Thousands of very successful organizations are run entirely by volunteers. Service clubs, volunteer fire departments, PTAs, and neighborhood organizations have no paid staff. Many of these organizations have run successfully for years. They are designed by volunteers and designed to be run by volunteers. Other organizations may prefer to have paid staff but cannot afford them, so they, too, run on the energy of volunteers.

If you are such a group, here are five pointers:

  1. Volunteers should think of themselves as unpaid staff. Staff people have jobs and tasks for which they are accountable. Volunteers have the same obligation as paid staff to do what they say they will do. Similarly, no one should tolerate incompetence and lack of follow through from a volunteer any more than they would from a paid person. In a group where everyone volunteers, it is really important to create an environment where people do the work they say they will do.
  2. Volunteers have lives beyond the organization. They should not be encouraged to take on more work than they feel they can do. Suppose you know that Mary Jones would make a great treasurer but she says she hasn’t got the time. You talk to her several times, beg her, tell her that no one else can do the job but her; finally she agrees to do it. Don’t be surprised when Mary turns out not to be as good a treasurer as you had expected. As part of respect for each others’ time, it is imperative to create and support an organizational culture that encourages people to finish the tasks they take on, even if that means taking on fewer tasks. Also, some people have more time than others and so some people may be able to take on more work than others.

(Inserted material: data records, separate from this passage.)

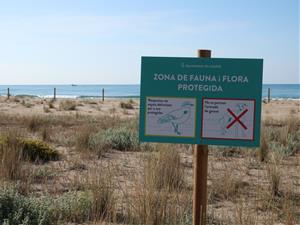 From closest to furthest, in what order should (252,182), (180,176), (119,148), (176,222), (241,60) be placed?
(241,60) → (176,222) → (180,176) → (252,182) → (119,148)

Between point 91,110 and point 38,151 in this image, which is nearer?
point 38,151

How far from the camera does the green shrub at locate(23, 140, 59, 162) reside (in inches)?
357

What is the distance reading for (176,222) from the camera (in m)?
4.89

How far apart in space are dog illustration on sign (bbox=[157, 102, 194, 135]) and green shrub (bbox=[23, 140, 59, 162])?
5.28 m

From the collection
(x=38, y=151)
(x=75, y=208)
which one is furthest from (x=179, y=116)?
(x=38, y=151)

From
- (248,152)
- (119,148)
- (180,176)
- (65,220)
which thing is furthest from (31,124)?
(65,220)

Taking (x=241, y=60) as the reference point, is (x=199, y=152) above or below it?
below

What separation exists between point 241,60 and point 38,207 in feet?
8.67

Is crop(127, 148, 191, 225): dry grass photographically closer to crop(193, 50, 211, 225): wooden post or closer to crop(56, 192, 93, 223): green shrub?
crop(193, 50, 211, 225): wooden post

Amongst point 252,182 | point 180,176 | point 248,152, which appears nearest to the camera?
point 180,176

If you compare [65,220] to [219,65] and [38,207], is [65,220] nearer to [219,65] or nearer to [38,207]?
[38,207]

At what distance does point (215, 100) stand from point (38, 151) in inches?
230

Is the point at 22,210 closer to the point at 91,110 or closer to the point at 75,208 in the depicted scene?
the point at 75,208

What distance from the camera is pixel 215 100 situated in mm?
4238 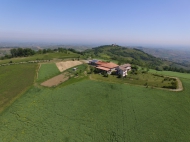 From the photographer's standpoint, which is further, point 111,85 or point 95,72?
point 95,72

This needs to be all right in the group and people with less time must not be made to feel that they are not doing enough if they don’t put in as much time as those with more time.
  3. Volunteers should use their own and other people’s time respectfully. Meetings should start and end on time. A facilitator or the chair of the meeting or the group as a whole should agree on how long each agenda item will take and try not to take longer than that. There is usually more to say, and one more way of looking at things, but unless you are an academic think tank, you can’t explore every possibility.

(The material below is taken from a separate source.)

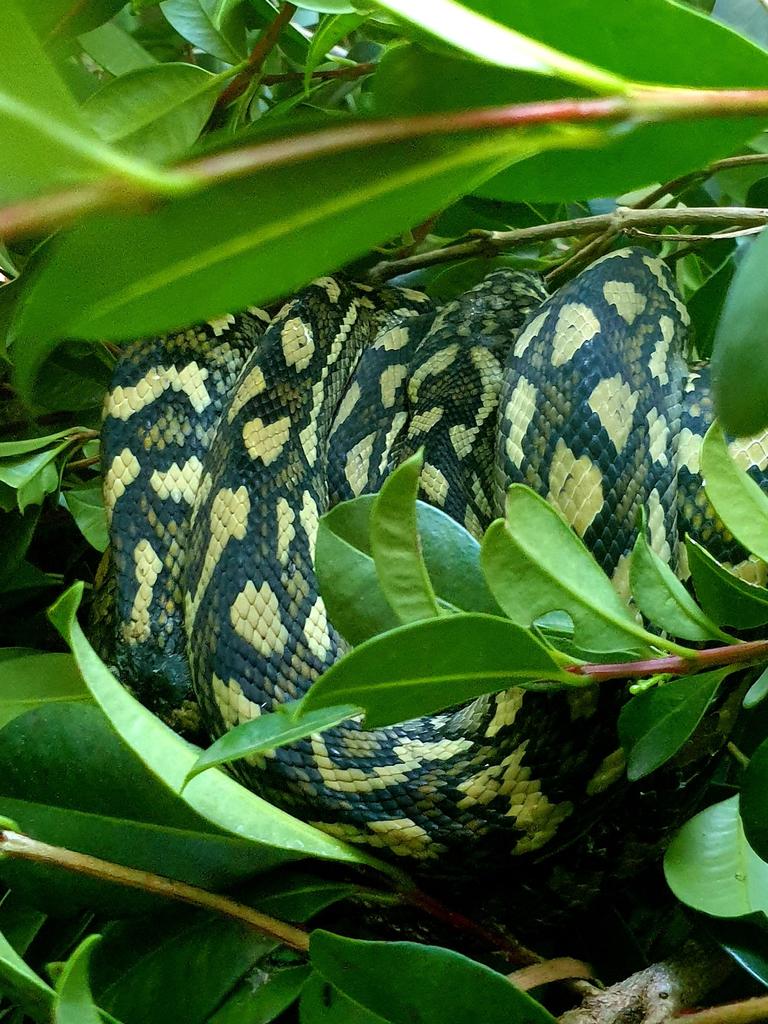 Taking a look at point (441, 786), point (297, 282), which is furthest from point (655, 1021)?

  4. People should take on particular responsibilities. Someone should be the treasurer, someone should prepare the agenda for meetings, someone should be the chair. Organizations working in a collective model can rotate these responsibilities (which need to be rotated occasionally anyway). The group should not have to wonder “Who is in charge of filing our 990?” or “Who has the checkbook?”
  5. People should be particularly careful about writing things down. Turnover in all-volunteer organizations is often high, and knowledge gets easily lost, particularly if there is no office or central place to keep files. If you do a special event or a direct mail appeal or write a proposal, keep track of everything someone else might want to know about it in order to do it faster and easier the next time. Preparing reports and narratives for the use of people who will come after you is the best way to ensure that your organization can continue to function well using volunteers and, in fact, helps to ensure that your organization can grow.

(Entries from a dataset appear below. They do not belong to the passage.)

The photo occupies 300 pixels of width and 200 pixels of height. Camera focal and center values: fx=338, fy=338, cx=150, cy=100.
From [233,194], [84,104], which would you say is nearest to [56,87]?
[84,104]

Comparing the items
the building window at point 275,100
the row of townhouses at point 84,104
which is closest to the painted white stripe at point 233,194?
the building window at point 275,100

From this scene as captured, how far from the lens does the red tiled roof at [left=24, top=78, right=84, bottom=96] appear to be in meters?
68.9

  6. Volunteers should constantly seek to expand the number of volunteer workers. There is so much work to be done that a few initial dedicated volunteers will burn out quickly. You should be drawing new people into the organization all the time who can help share the work and broaden the organization’s thinking and its access to funds.

All-volunteer organizations are not that different from many grassroots organizations that have one or two paid staff people. In fact, in many grassroots groups there are two kinds of staff — low-paid and unpaid. In all other grassroots groups there is one kind of staff — unpaid. The work is still valuable and people’s time is very valuable. Keeping these pointers in mind will ensure that your organization is able to do the useful and important work it has set out for itself.